Interview with Salif Keita

Salif Keita is known as the Golden Voice of Africa. He's become one of the most popular African musicians of all time due to his breathtaking voice, and his trail-blazing courage. That courage is on full display on his new album, La Différence. I had the honor of speaking to Salif about his new album, his decision to become a musician, and his upcoming N. American tour:

Marc Gabriel Amigone: You're about to embark on a N. American tour. Are there any dates in particular to which you're especially looking forward?

Salif Keita: I’m very happy to return to America and to see my American fans again.

MGA: How has the reception to African popular music changed in your eyes from the beginning of your career until now?

Salif Keita: Yes of course, it has really evolved and changed a lot because there are more and more collaborations between musicians, so it has become on a much more global scale.

MGA: As a pioneer of the World music genre, have you struggled at all in your career with not being able to escape the label of "World Music Artist?"

Salif Keita: Well in fact it’s a label the music industry has created. It’s not World Music, it’s African music. But the positive part is that it has helped African music to be known all over the world.
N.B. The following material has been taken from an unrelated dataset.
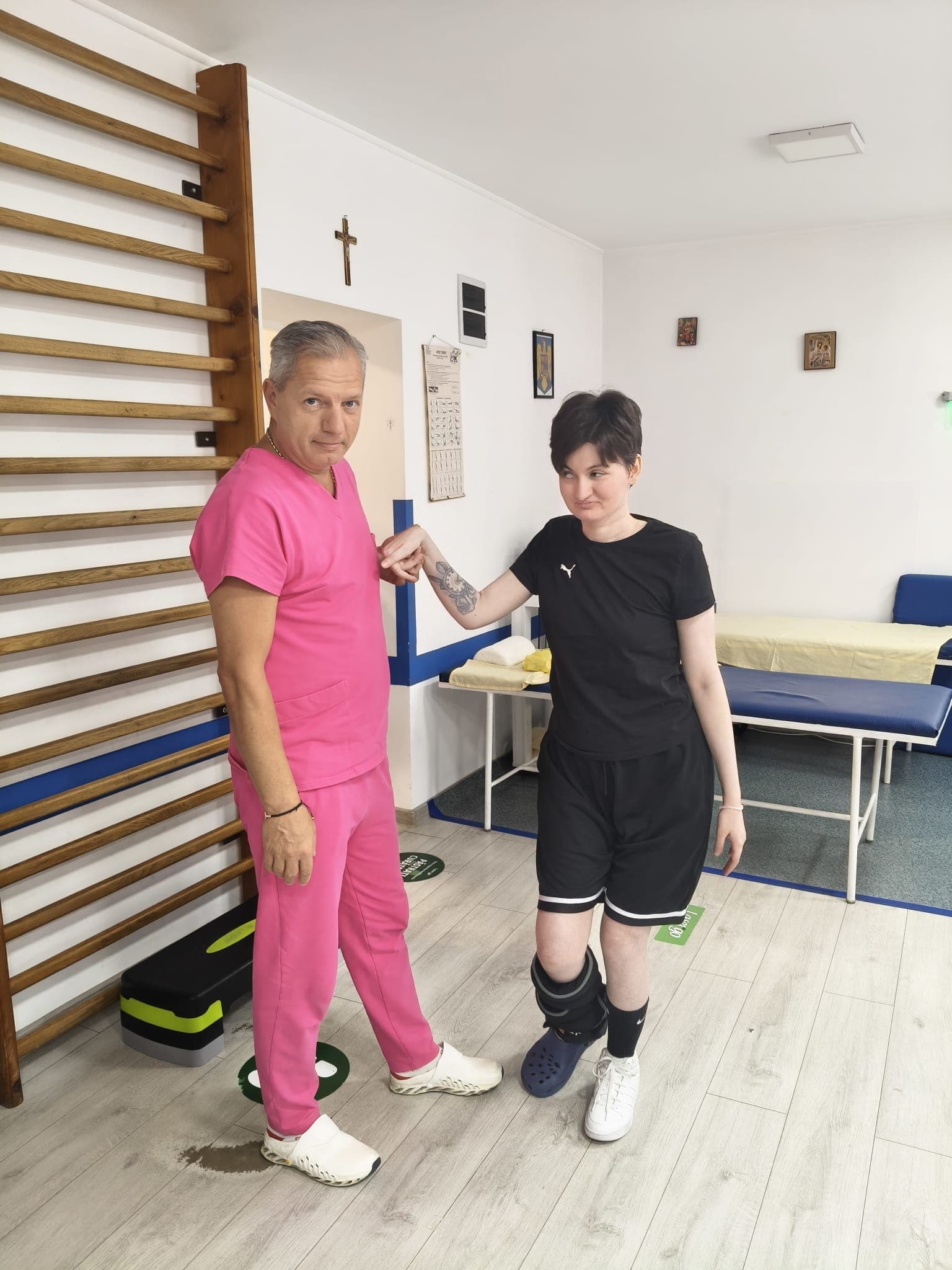 Dr. Iluță Sorin Gabriel evaluează mersul unei paciente în sala de recuperare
MGA: Right, personally I very much dislike the term “World Music” because it suggests two worlds from which music comes when in reality all music comes from THE world. Fela Kuti always hated the term World Music because it suggests its second class music.

Salif Keita: Voila, that’s it.

MGA: You make a powerful statement about Albinism on this album as well as about several other issues. Why did you feel that now is the time to make that statement?
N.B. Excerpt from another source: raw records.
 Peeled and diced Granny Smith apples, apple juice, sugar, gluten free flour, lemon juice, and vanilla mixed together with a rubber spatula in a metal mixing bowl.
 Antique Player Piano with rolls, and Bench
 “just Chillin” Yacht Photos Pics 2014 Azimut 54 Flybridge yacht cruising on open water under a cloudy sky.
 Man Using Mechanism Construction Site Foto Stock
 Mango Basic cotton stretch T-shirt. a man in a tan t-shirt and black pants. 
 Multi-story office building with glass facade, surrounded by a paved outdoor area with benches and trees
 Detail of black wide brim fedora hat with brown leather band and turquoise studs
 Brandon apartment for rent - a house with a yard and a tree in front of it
Salif Keita: I feel that now is the time to stop atrocities and human sacrifices that are committed against albinos all over Africa. All over Africa, in Burundi, Tanzania, many regions of Africa. Albino people are killed, and sacrificed, and now is the time to stop, so that’s the reason why the message is so strong.

MGA: For those who are not familiar, could you please describe the dangers and obstacles Albinos face in African societies?

Salif Keita: Apart from human sacrifices, they are murdered, their body parts are sold on the black market. It’s really terrible.

MGA: On La Différence, you speak out most prominently about the discrimination of Albinos. To which other issues do you feel your message of tolerance could also be applied?

Salif Keita: The other concerns and issues that are occurring in Africa right now are desertification and degradation of nature. For instance, a lot of people earn their living by logging to the point where no forests are left on the continent. Pollution is also a big issue. Rivers are drying up. All these environmental issues are what I’d like to talk about.

MGA: Due to your royal lineage, it went against societal practices for you to become a musician. If you were not an albino and ostracized by your family as a result, do you think you would’ve gone on to become a musician?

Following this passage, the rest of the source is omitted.